## EXERCISE DIRECTIONS
All lines from the opening of the data to the line containing "Сьогодні Київ розігріє до +22°" must be returned unchanged, and only those lines.

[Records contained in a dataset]
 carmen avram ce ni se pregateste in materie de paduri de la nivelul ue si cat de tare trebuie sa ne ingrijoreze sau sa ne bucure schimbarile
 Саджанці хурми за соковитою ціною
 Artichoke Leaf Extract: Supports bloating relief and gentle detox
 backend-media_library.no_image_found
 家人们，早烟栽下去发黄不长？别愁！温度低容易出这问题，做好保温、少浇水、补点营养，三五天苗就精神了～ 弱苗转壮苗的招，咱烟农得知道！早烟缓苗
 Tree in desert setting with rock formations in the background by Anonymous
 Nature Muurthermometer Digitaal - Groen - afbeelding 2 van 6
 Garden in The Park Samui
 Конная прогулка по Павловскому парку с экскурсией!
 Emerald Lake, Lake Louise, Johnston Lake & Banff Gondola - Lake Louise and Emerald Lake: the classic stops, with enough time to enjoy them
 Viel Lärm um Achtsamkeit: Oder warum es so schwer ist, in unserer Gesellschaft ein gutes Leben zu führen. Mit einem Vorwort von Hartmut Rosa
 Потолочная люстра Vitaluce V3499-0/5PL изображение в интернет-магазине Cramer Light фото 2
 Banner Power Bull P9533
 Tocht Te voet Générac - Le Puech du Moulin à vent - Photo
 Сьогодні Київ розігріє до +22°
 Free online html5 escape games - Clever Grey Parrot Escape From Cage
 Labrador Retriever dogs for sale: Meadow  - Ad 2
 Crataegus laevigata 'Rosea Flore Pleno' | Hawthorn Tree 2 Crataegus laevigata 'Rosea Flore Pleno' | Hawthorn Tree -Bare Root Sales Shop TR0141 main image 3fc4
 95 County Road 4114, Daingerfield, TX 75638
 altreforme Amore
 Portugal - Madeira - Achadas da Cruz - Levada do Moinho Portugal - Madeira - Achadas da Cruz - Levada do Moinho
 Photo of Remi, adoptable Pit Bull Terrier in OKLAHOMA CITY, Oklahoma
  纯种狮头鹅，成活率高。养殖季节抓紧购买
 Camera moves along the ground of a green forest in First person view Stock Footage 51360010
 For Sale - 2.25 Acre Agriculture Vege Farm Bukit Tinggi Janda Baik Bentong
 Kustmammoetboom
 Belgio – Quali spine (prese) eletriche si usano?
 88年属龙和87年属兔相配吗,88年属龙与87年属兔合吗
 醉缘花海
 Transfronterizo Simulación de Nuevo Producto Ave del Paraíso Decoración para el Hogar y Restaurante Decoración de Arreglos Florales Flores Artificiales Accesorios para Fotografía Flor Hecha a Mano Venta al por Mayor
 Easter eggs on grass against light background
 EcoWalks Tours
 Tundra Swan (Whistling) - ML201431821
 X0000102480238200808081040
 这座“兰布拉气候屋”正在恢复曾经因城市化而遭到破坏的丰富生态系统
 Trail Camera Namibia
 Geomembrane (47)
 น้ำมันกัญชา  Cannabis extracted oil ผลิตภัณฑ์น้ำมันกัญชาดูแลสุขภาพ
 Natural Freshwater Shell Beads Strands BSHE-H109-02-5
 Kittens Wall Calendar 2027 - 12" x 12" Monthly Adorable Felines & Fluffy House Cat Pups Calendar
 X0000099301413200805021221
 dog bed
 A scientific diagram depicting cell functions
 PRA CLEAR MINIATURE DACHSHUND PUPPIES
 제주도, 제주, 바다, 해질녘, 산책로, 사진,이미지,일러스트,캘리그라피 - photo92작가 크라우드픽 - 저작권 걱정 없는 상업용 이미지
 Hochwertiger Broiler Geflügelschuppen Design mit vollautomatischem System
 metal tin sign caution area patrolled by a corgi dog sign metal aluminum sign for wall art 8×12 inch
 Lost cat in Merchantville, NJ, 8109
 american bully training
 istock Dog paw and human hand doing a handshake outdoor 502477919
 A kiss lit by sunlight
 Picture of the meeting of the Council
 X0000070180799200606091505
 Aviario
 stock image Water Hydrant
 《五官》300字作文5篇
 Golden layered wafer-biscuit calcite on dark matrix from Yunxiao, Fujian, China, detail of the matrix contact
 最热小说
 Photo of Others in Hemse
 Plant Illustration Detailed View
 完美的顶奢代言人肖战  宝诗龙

## SOLVED PROBLEM
 carmen avram ce ni se pregateste in materie de paduri de la nivelul ue si cat de tare trebuie sa ne ingrijoreze sau sa ne bucure schimbarile
 Саджанці хурми за соковитою ціною
 Artichoke Leaf Extract: Supports bloating relief and gentle detox
 backend-media_library.no_image_found
 家人们，早烟栽下去发黄不长？别愁！温度低容易出这问题，做好保温、少浇水、补点营养，三五天苗就精神了～ 弱苗转壮苗的招，咱烟农得知道！早烟缓苗
 Tree in desert setting with rock formations in the background by Anonymous
 Nature Muurthermometer Digitaal - Groen - afbeelding 2 van 6
 Garden in The Park Samui
 Конная прогулка по Павловскому парку с экскурсией!
 Emerald Lake, Lake Louise, Johnston Lake & Banff Gondola - Lake Louise and Emerald Lake: the classic stops, with enough time to enjoy them
 Viel Lärm um Achtsamkeit: Oder warum es so schwer ist, in unserer Gesellschaft ein gutes Leben zu führen. Mit einem Vorwort von Hartmut Rosa
 Потолочная люстра Vitaluce V3499-0/5PL изображение в интернет-магазине Cramer Light фото 2
 Banner Power Bull P9533
 Tocht Te voet Générac - Le Puech du Moulin à vent - Photo
 Сьогодні Київ розігріє до +22°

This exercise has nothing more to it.